Even though the project is still in a beta phase, early word has spread and DCSS is fielding inquiries on its novel process and tools from states across the U.S. and around the world. WBAT is standing out as a best-practice for coordinating and accessing the volumes of data that impacts so many young lives.
Making It Formal "It is a unique project and even has a niche place in the clinical world," Hague told ASPnews. "Dr. Perry created a process that, it appears, no one else has thought about. We have a partnership arrangement to deliver a service: They have a process to care for this population. DCSS provides tools and system expertise to deliver this application into existing systems."

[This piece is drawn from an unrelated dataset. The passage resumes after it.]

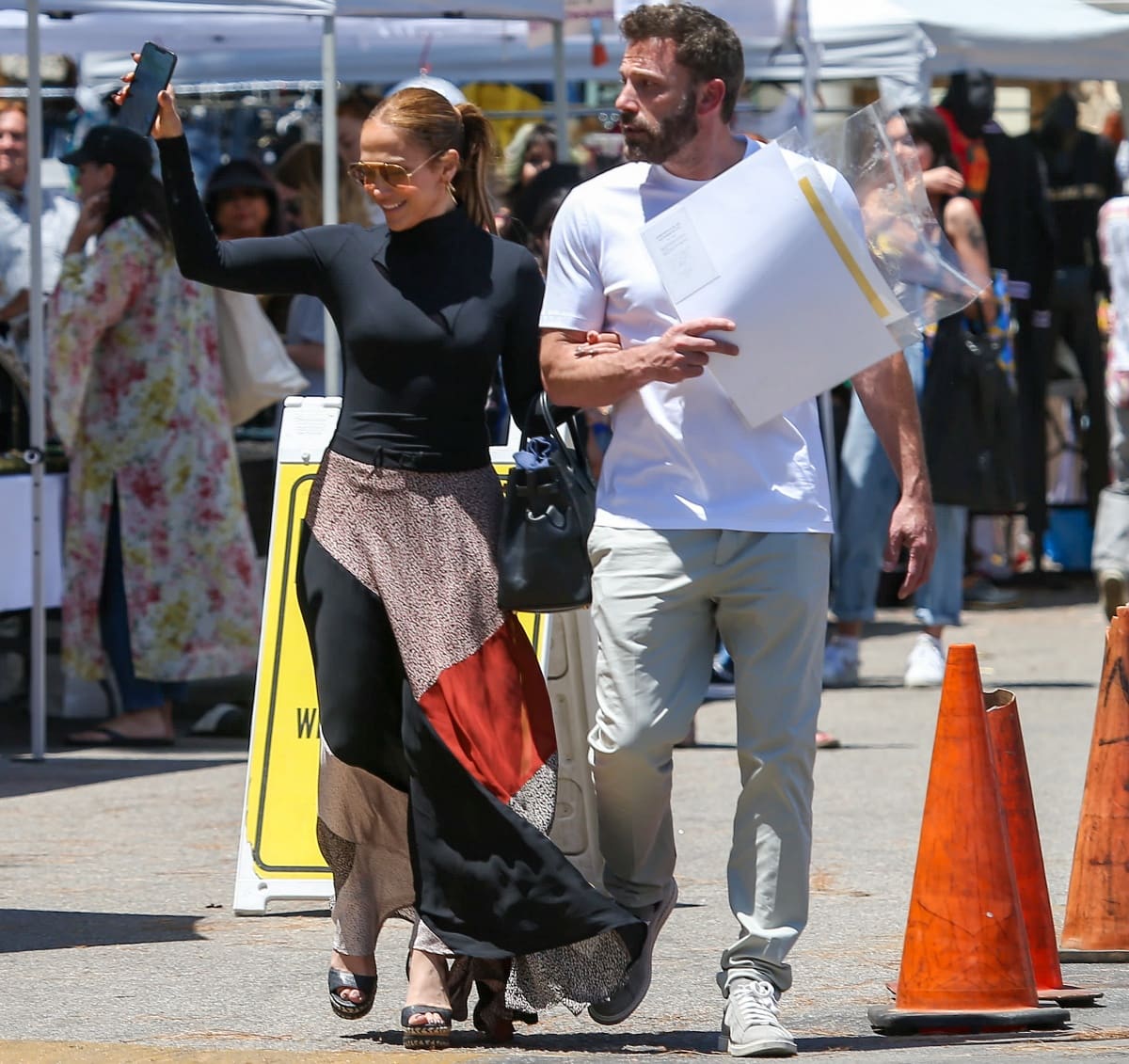 Jennifer Lopez brings polished summer glamour to the Melrose Trading Post in a fitted black turtleneck bodysuit, flowing color-block maxi skirt, and woven wedge sandals while strolling arm-in-arm with Ben Affleck in Los Angeles on July 3, 2022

Solutions for Real-World problems
WBAT even provides some diagnosis tools for placement alternatives. Does a child need a home that has more psychiatric services or one that does not? Is a foster home better than a shelter? "These assessments are supposed to try to help give you a better feel for the type of services that need to be addressed," Hague told ASPnews.
Privacy No. 1 Priority DCSS uses an Oracle 8i database running under Red Hat's Linux for WBAT. DCSS also uses Windows 2000 Server for the Web server and Allaire Technologies' JRrun application server. The application infrastructure is designed to scale to handle an estimated 10,000 users. But the real technical challenge for DCSS came not in deploying and provisioning the application, but in the training and implementation with users in the field.

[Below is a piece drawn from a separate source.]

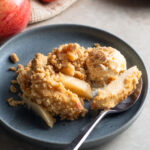 Warm and cozy dutch apple crisp with vanilla ice cream and cinnamon, ready for fall.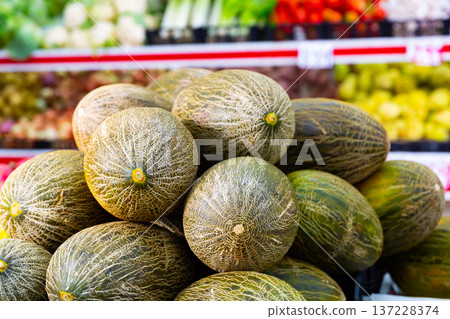 Bunch of melons in store 137228374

"This population we're working with is not nearly as Internet savvy as they professed to be," Hague told ASPnews. "Most of them were very understanding of trying to work through these things. But we had to ask ourselves, how do we write an application that's going to work on unknown machines where the client base can change dramatically from one year to the next?" The answer was to use Java as the primary application development tool. "Base configuration is just an Internet connection, and a you have to be able to support Internet Explorer 4 or Netscape 4. That's it."
The Project Gets Personal "What's the best way to deliver service?" he asks. "By building strong, long-term relationships with clients and understanding what their pain is. We try to show an interest in process and business problems and how we can help take that pain away. We're here to make them successful. If we do that, we'll develop that long-term bond and continue to work for them and continue to grow and every once in a while we're going to get a grand deal like this one."

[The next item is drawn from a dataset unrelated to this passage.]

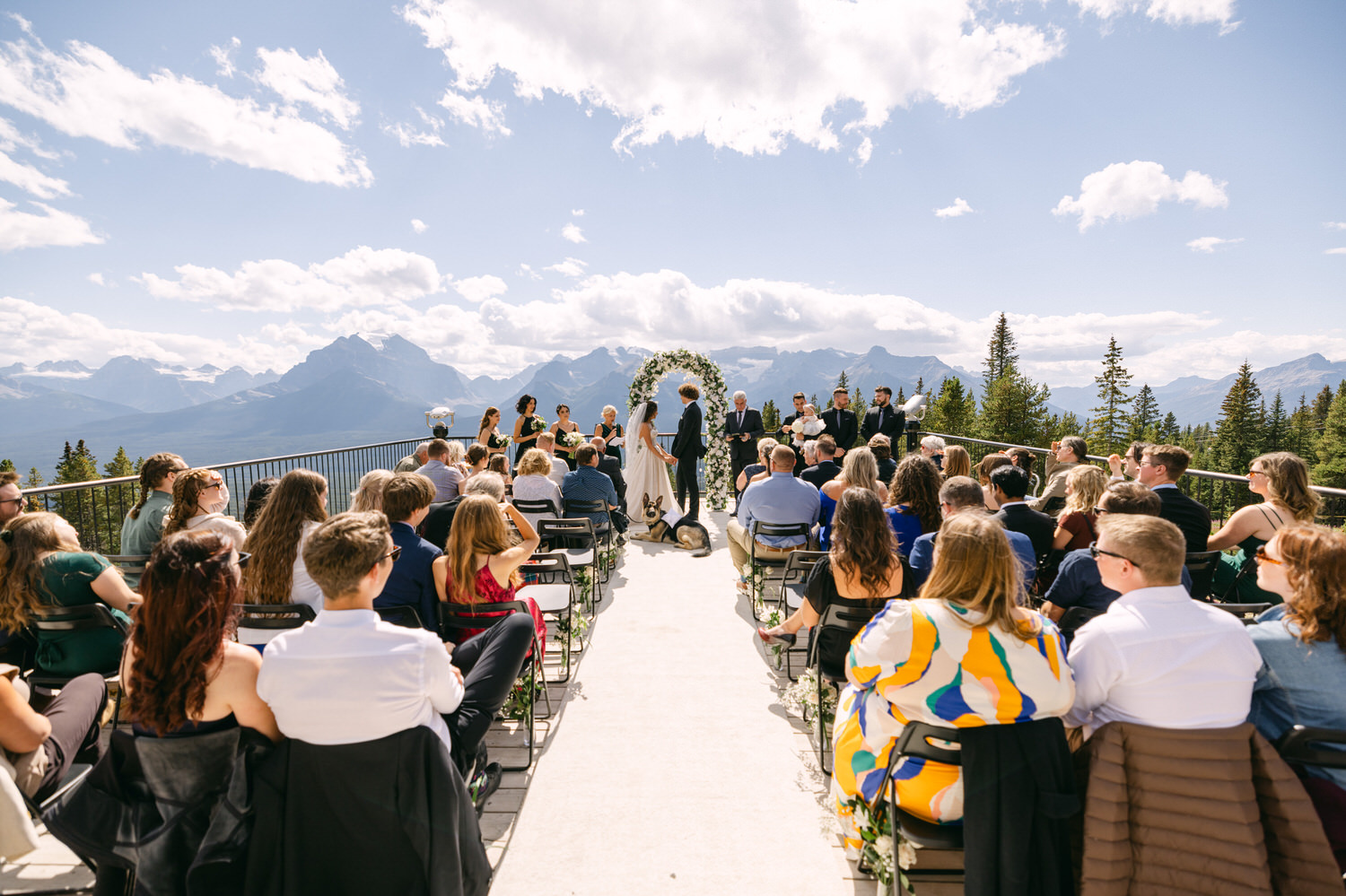 A scenic outdoor wedding ceremony with guests seated on a terrace, surrounded by mountains and trees, as the couple exchanges vows under a floral arch.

But as grand as it is, this deal has a special place in Hague's heart beyond the financial incentives for DCSS or the social implications it might have for repairing and improving what is still an arcane system of managing sensitive personal data for literally millions of children across the U.S. Hague can identify with those children because,
"I am a product of this system," Hague said. "I was raised in a children's home and I understand, from a child's perspective, what that little kid is going through. I understand the difference between living in a foster home or an underprivileged home, or what it's like to see a social worker every week of your life. I have many surrogate mothers and fathers and I have a passion for this stuff and I believe it's got to spread."
That's a compelling endorsement, even if it does come from the project leader of the WBAT. It's likely that, as DCSS begins to move into other markets and comes up against tough questions from legislators and state agencies, that kind of firsthand experience may make the difference for any potential client considering adoption of the WBAT.